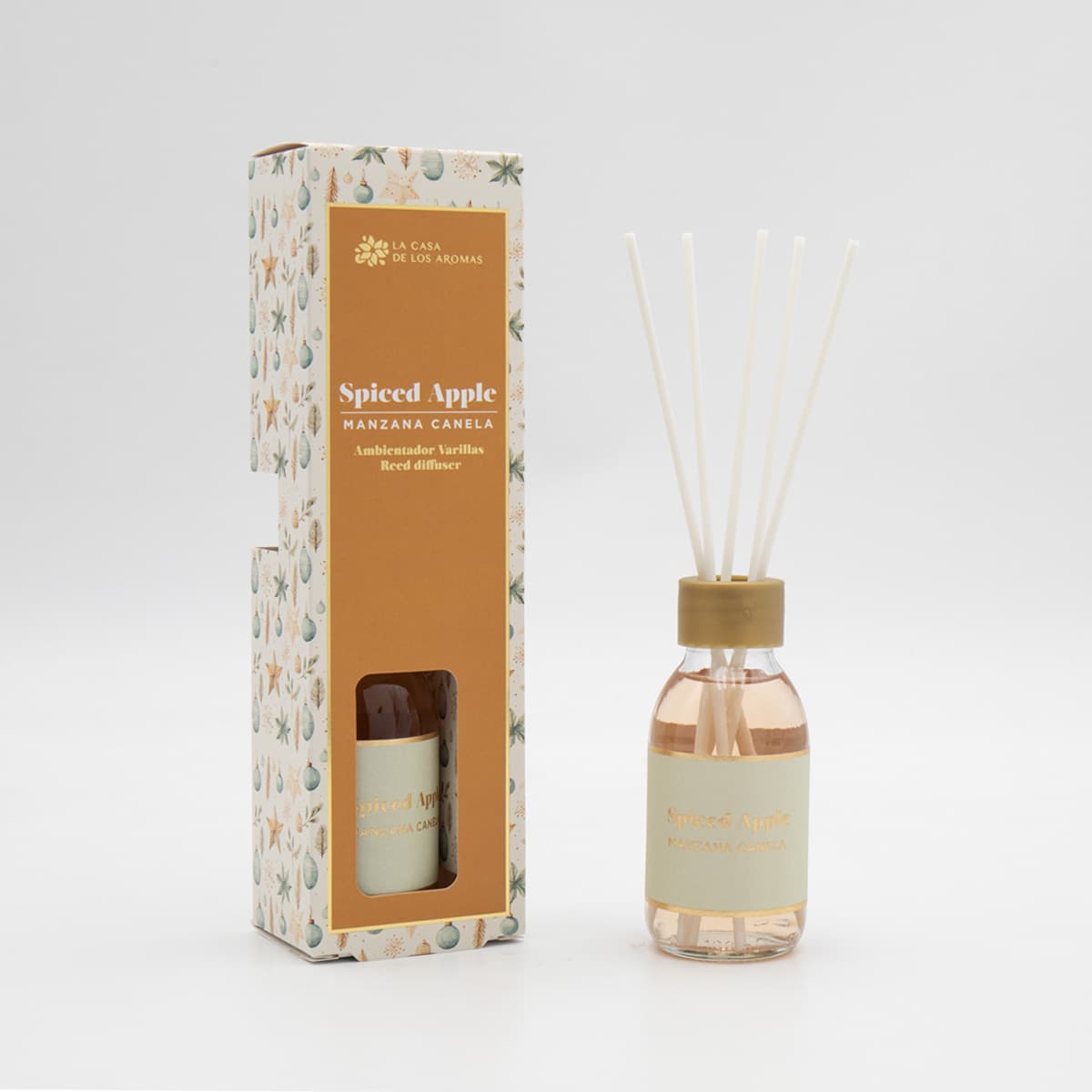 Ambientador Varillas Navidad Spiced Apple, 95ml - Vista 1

* * *

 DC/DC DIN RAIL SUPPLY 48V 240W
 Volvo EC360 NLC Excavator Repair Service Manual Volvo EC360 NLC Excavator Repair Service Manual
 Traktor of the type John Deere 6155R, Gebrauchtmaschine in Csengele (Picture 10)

Your instructions = Write out exactly the lines above between the line with "Volvo EC360 NLC Excavator Repair Service Manual Volvo" and the line with "Traktor of the", inclusive, and nothing beyond them.

Answer to the exercise =
 Volvo EC360 NLC Excavator Repair Service Manual Volvo EC360 NLC Excavator Repair Service Manual
 Traktor of the type John Deere 6155R, Gebrauchtmaschine in Csengele (Picture 10)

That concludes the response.